START Information shown
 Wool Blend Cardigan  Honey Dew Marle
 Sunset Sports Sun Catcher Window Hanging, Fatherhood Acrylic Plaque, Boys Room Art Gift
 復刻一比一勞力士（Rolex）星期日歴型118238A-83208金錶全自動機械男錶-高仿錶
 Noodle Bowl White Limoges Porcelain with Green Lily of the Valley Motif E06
END Information shown
Task requirements:
Copy out the full listing so that each line matches exactly.

Result for this exercise:
 Wool Blend Cardigan  Honey Dew Marle
 Sunset Sports Sun Catcher Window Hanging, Fatherhood Acrylic Plaque, Boys Room Art Gift
 復刻一比一勞力士（Rolex）星期日歴型118238A-83208金錶全自動機械男錶-高仿錶
 Noodle Bowl White Limoges Porcelain with Green Lily of the Valley Motif E06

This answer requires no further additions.